Out of interest, how do just the lexing times compare? My suspicion is that lexing probably got a lot faster, but parsing didn't (because parsing already requires a lot of collecting into vectors, recursive data structures, etc. so there probably wasn't much that zero-copy
could improve on).
I was going back through my Parser looking for those optimizations you were hoping for and I found THE problem in my implementation.
Ah yes, this is quite a common pitfall. Chumsky doesn't have memoisation, so it'll eagerly attempt to parse both interpretations twice, which can rapidly become exponential!
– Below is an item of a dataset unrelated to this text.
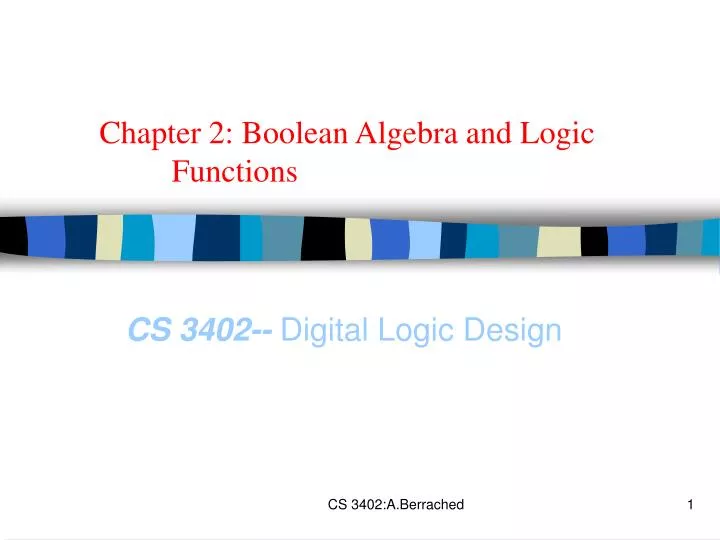 chapter 2 boolean algebra and logic functions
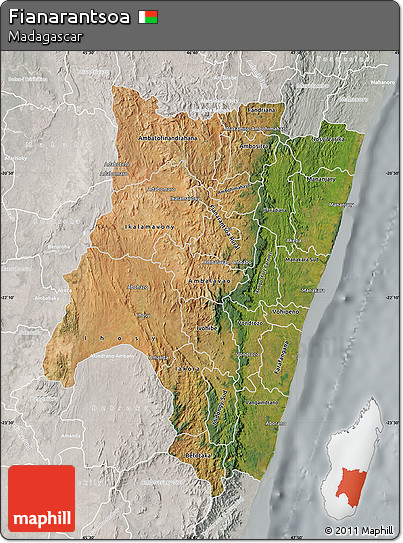 Satellite Map of Fianarantsoa, lighten, semi-desaturated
I'm quite surprised that master
and zero-copy
now have similar timings though. I would have hoped that at least some of its improvements were visible...
I will give it a look when I can tomorrow, but I have only moved over the parser as of currently, so both lexers are using the non-zero-copy parser combinators, and are identical.
Sorry for the confusion 😅 My branch naming scheme when working on my own stuff needs work.
It parses EVERY atom twice if that atom is not followed by a TokenKind::OpPow
@Zij-IT Could you further elaborate? I do not really understand why this is the case.
@Zij-IT Could you further elaborate? I do not really understand why this is the case.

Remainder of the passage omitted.